Having received so many heartfelt emails from readers asking if I have certain recipes because they lost theirs somehow, or they failed to ask mom or grandma to write down recipes that were only in their own heads, I can’t emphasize enough to write down family recipes and keep them safe.  Once a loved one dies, sometimes the recipes die with them.  When my husband Bill and I were first married and he wanted a real Finnish pasty (meat pie), I asked one of his elderly relatives, Esther, and of course she said there was no recipe – it was all in her head.  Knowing that the old Finns always made pasty for the noon meal on Saturdays, I asked Esther if I could watch her make the pasty.  She loved that I wanted to learn,  so off I went to her cozy little kitchen.  However, she thought it was so funny that every time she went to throw something in a bowl, I would measure it first –  but I got the recipe and it tastes exactly like Esther’s.  It was so fortunate I had that lovely experience with her because later she developed Alzheimer’s and the family recipe would have been gone forever. 

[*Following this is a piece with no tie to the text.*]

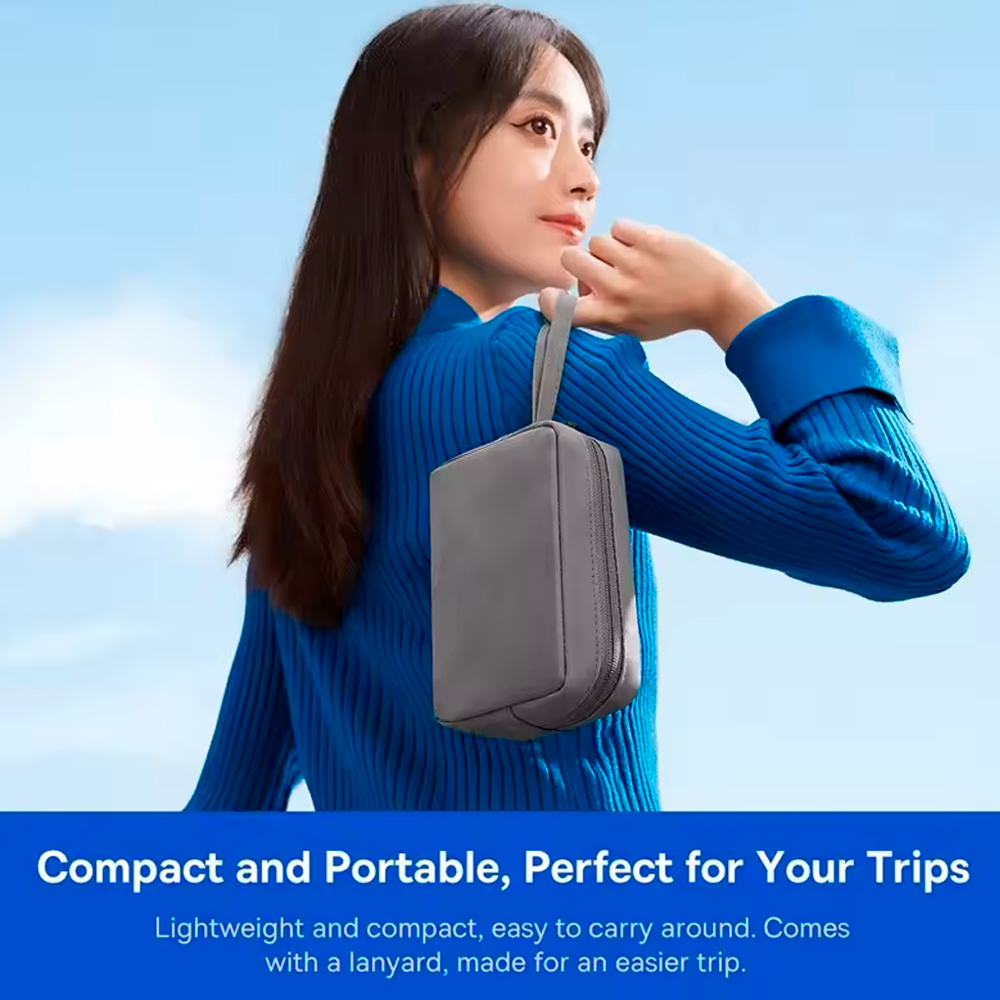 Портативная сумка для зарядных – обзор и цена Cable Organizer Bag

One recipe I have never been able to duplicate exactly is my great-aunt Margie’s soft sugar cookies.  Sometimes I just ache for them.  She didn’t have a recipe either and it died with her.  I can still see her making them, with flour flying around her small counter, landing all over the front of her apron, and then the aroma that filled her little kitchen was intoxicating.  How I miss her and would give anything for one more bite of her warm, made-with-love cookies.
If you have treasured family recipes that are not written down, don’t hesitate any longer.  Ask for the recipe from another relative, or if you are lucky enough that an elderly relative is still alive, take the time to sit and make the recipe with him or her, measure every morsel, and let the flour fly.  You will never be sorry.  And future generations will thank you.